I am encountering issues when trying to deploy my model with LoRA (Low-Rank Adaptation) adapters on Hugging Face Endpoints. Initially, I uploaded only the LoRA adapters to the Hugging Face model hub. However, when I attempt to deploy the model on the Endpoint, it keeps failing.
What I Have Tried:
Pushing LoRA Adapters to Hugging Face Hub:
I successfully uploaded only the LoRA adapters to Hugging Face. They work fine when I load the model locally in my development environment using the appropriate library and configuration.
Merging the Base Model with LoRA Adapters:
In an attempt to ensure compatibility for deployment, I merged the base model with the LoRA adapter and then pushed the merged model to Hugging Face. Unfortunately, the deployment still fails.
I’m not sure whether they’re Transformers or Diffusers, but in any case, LoRA is under the jurisdiction of PEFT.
The Endpoint library uses a somewhat old stable version, and many of the libraries related to quantization are not included.
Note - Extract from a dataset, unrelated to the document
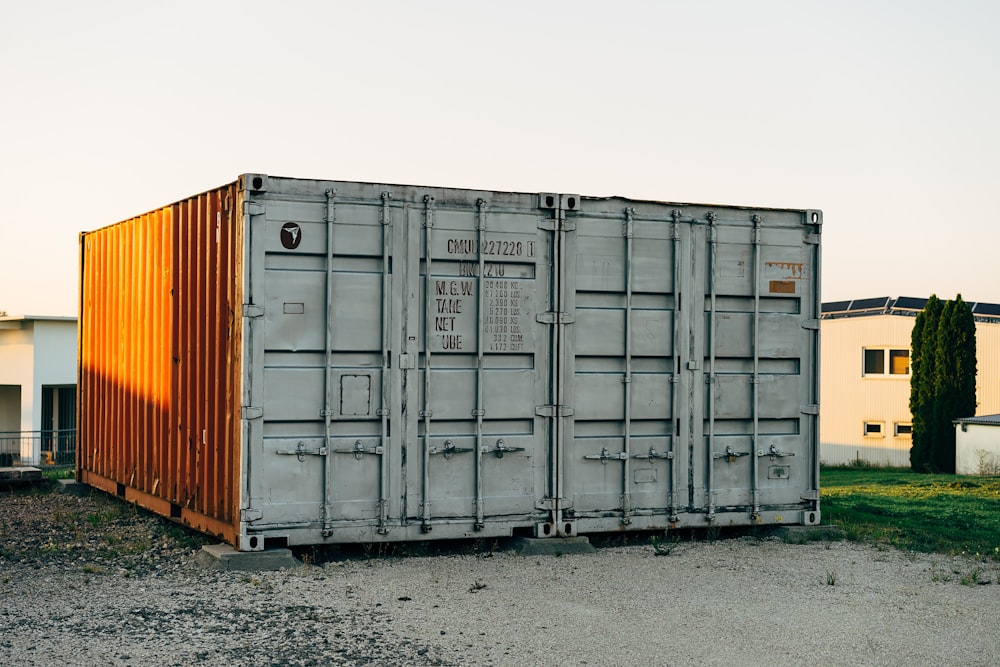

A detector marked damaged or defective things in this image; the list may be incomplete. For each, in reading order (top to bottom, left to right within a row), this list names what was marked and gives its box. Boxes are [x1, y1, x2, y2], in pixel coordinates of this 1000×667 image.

orange rusted container side [77, 181, 243, 544]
Therefore, it may be easy to fail with QLoRA or new models. Why not try writing the new library version in the requirements.txt?
The base model I’m using is: unsloth/Llama-3.2-11B-Vision-Instruct
I fine-tuned it using Unsloth with LoRA adapters
I pushed only the LoRA adapters to Hugging Face initially
The LoRA adapters work perfectly on Colab when I load them with the base model manually
The issue only happens when I try to deploy it as an Endpoint on Hugging Face — it keeps failing to start, either with the LoRA-only upload or even when I later merged the LoRA with the base model and pushed that
So I’m a bit stuck figuring out what’s going wrong during deployment.
I fine-tuned the vision model unsloth/Llama-3.2-11B-Vision-Instruct using Unsloth, and initially pushed only the LoRA adapters to Hugging Face — it worked fine locally on Colab.
Later, I merged the LoRA adapters with the base model and pushed the full model to the Hub. However, the deployment on Hugging Face Endpoints still fails.
Do you suggest that I need to push the merged fine-tuned model in 16-bit .safetensors format for it to work properly with TGI?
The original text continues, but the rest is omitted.